Exercise objective:
Would you reproduce the data below exactly, please, leaving out its images?

Given information:
▼

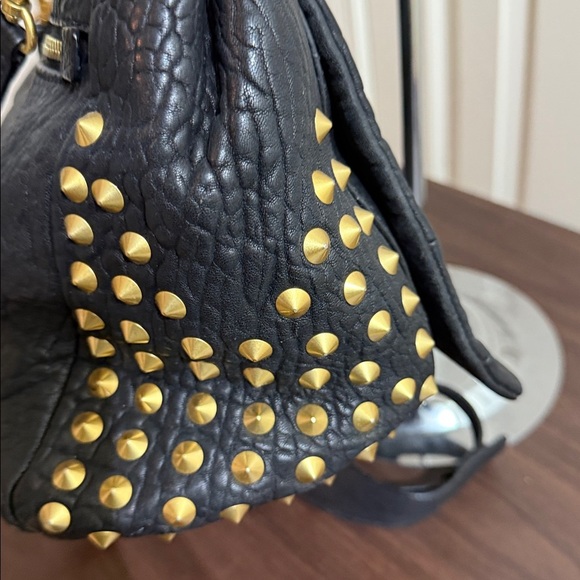 MCM Crossbody Bag with gold studs top handle - Picture 3 of 7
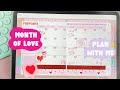 Digitally Plan with me February Valentine&#39;s Day Theme  monthly layout | Mimimellieco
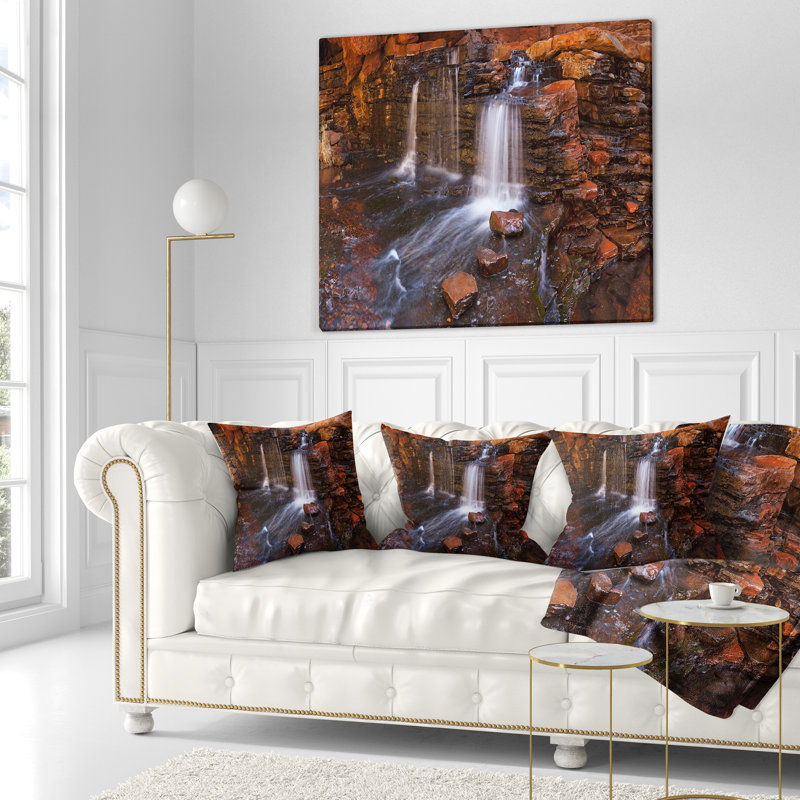 Coussin paysage avec chute d'eau Hancock, 16 po x 1 po, Coussin décoratif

▲

Response to the task:
 MCM Crossbody Bag with gold studs top handle - Picture 3 of 7
 Digitally Plan with me February Valentine&#39;s Day Theme  monthly layout | Mimimellieco
 Coussin paysage avec chute d'eau Hancock, 16 po x 1 po, Coussin décoratif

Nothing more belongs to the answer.